Le doyen d’âge de la Chambre, — Boysset, ancien proscrit de Décembre, qui était tombé dans l’antisémitisme[1], — s’était écrié, deux jours auparavant : « Il faut que tout soit franc et clair ! » Brisson reprit la formule, qui fut d’autant plus applaudie que cette invocation à la sincérité et à la lumière permettait d’être plus obscur et plus équivoque. Il célébra l’usage qui veut qu’au début de chaque session le plus vieux député monte au fauteuil, escorté des plus jeunes. Cet usage atteste « la solidarité des générations ». Pourtant, il termina par quelques phrases vigoureuses sur « les périls de la dictature », « l’anarchie familière aux gouvernements qu’on appelle des gouvernements forts et qui s’effondrent tout à coup » et « le cercle sans fin des révolutions et des reculs ».
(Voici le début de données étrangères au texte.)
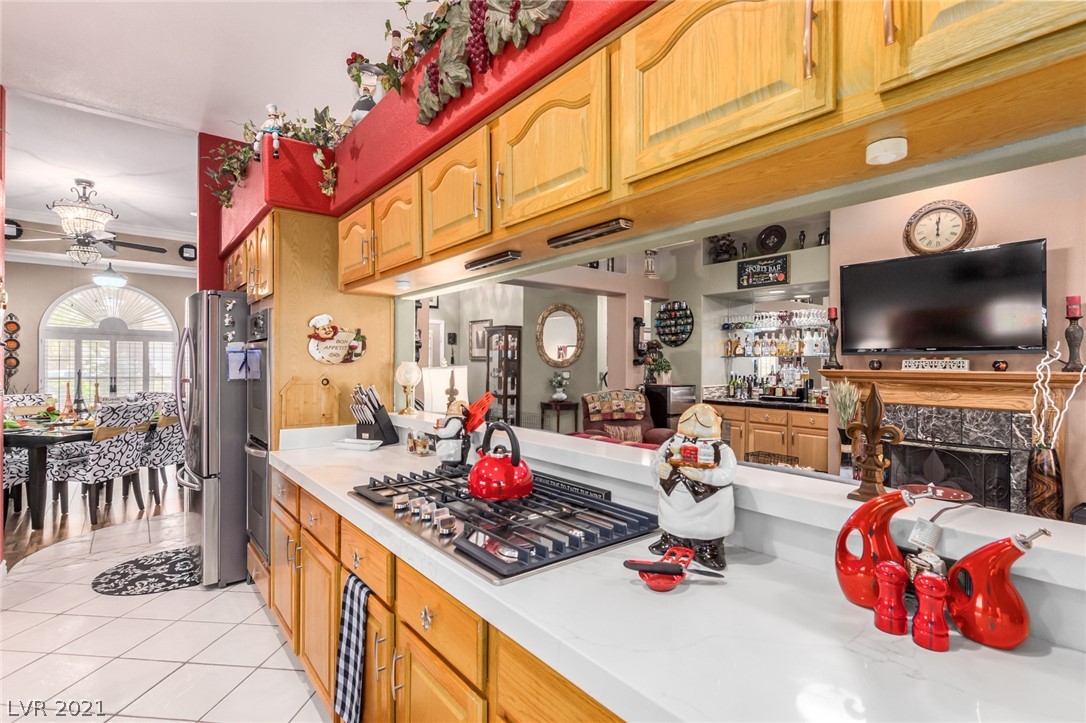 5332 Rim View Lane Las Vegas, NV 89130 - Photo 15 of 50 Gallery Image 15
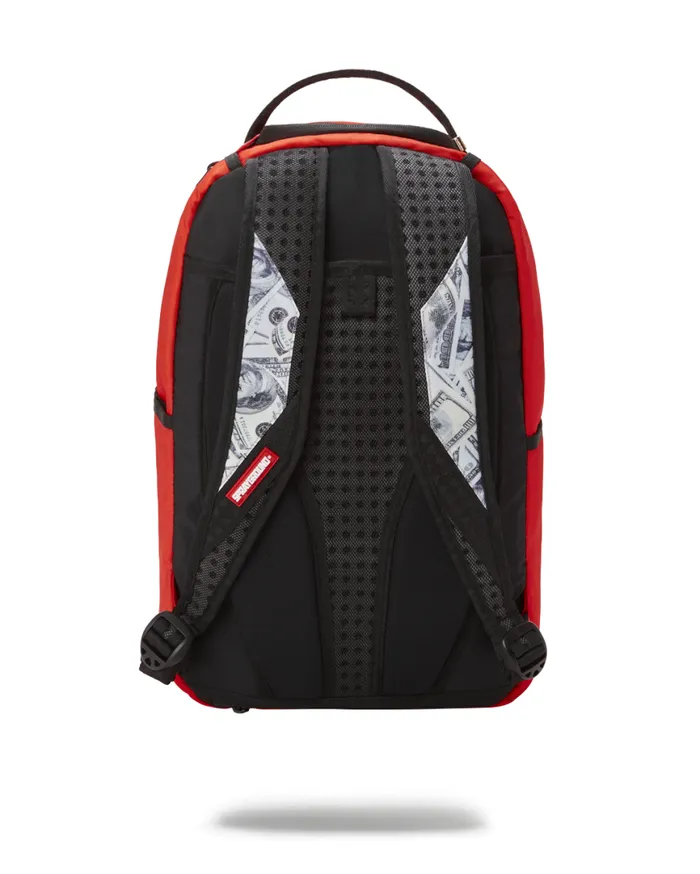 SPRAYGROUND Backpacks GARFIELD CAT SCRATCH DLXR 8211 Universal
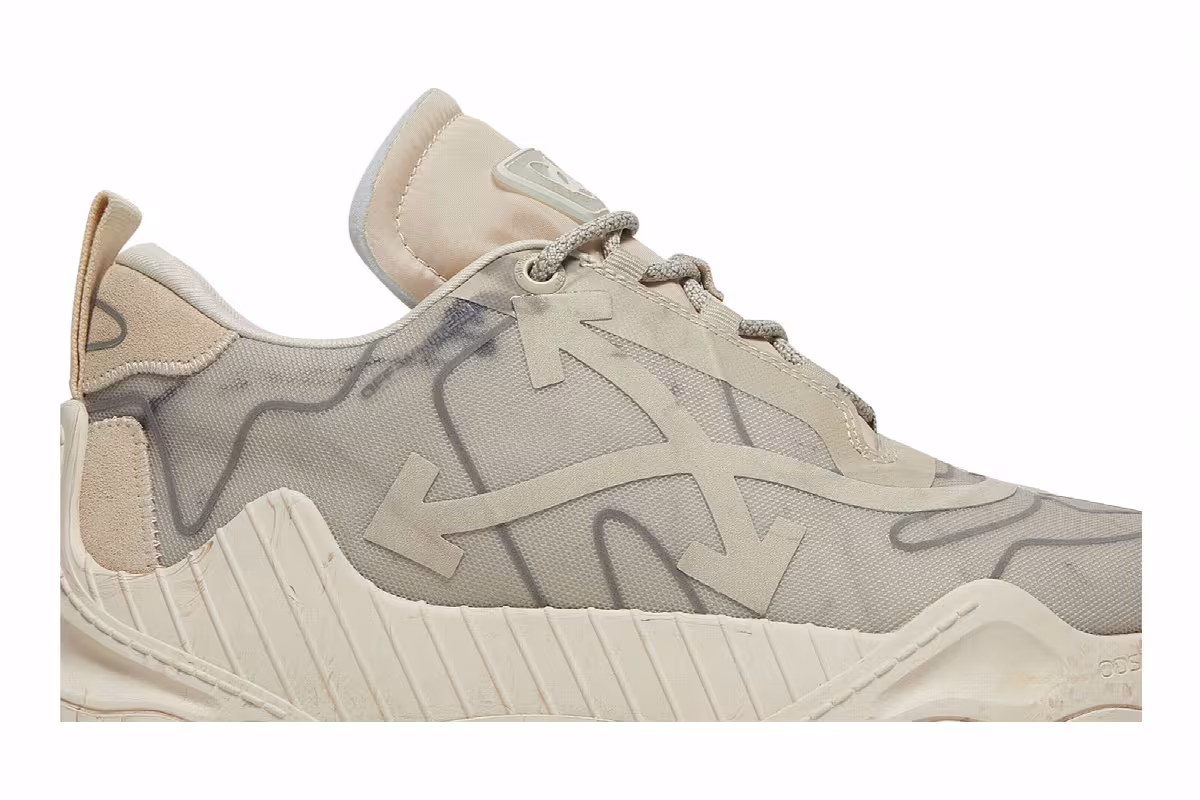 Off-White ODSY-1000 Beige, view 3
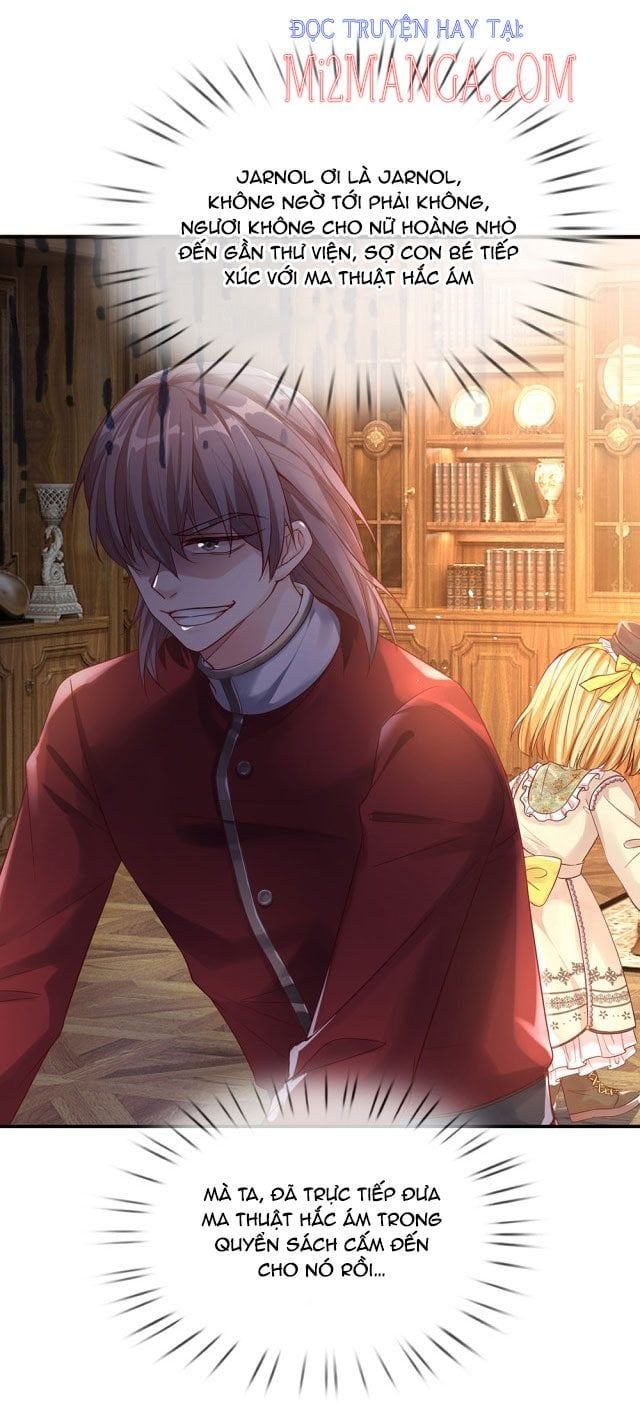 đọc truyện Ta, Nữ Hoàng Edith Chương 39.2 ảnh 9 tại Thiên Thai Truyện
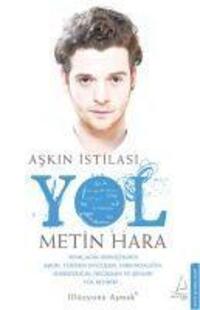 Cover: 9786054994526 | Askin Istilasi - Yol | Metin Hara | Taschenbuch | Türkisch | 2018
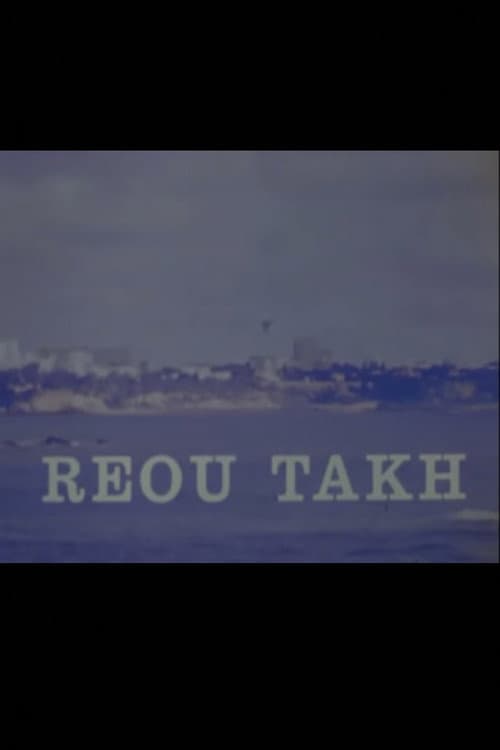 Poster for Reou-Takh
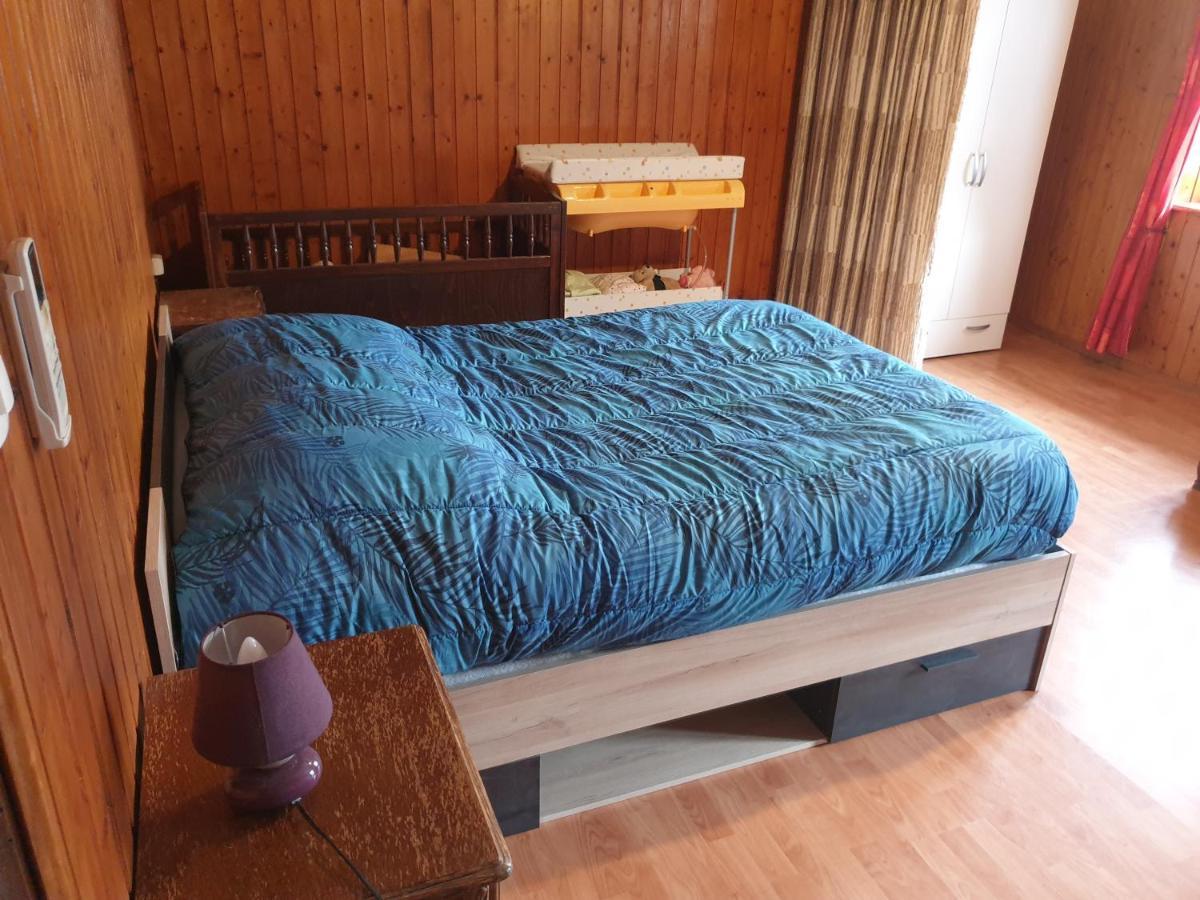 Maison De Vacances Freconrupt La Broque Kültér fotó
Il annonça ensuite qu’il était saisi d’une interpellation du comte de Mun.

De tous les ministres, un seul, celui des Finances, Cochery, s’était rendu à la Chambre. Il eût voulu discuter le budget. Il balbutia que ses collègues, Méline et Billot, n’avaient pas été informés de l’interpellation. De Mun lui donna le démenti : « J’ai fait avertir le ministre de la Guerre, il y a cinq quarts d’heure, par un attaché de son cabinet ». La droite, impérieuse, cria au Président de suspendre la séance jusqu’à l’arrivée des ministres. C’était l’injonction formelle d’avoir à poursuivre immédiatement Zola. Un député normand. Goujon, observa : « M. Zola peut bien attendre jusqu’à la fin de la séance ! » De Mun riposta : « L’armée n’attendra pas ! »

Quoi ? Une heure ou deux ? Et que fera-t-elle d’ici là ?

La séance fut suspendue.

  1. Il dit à un collaborateur de Drumont : « Je ne lis que votre journal. » (Libre Parole du 10 janvier 1898.)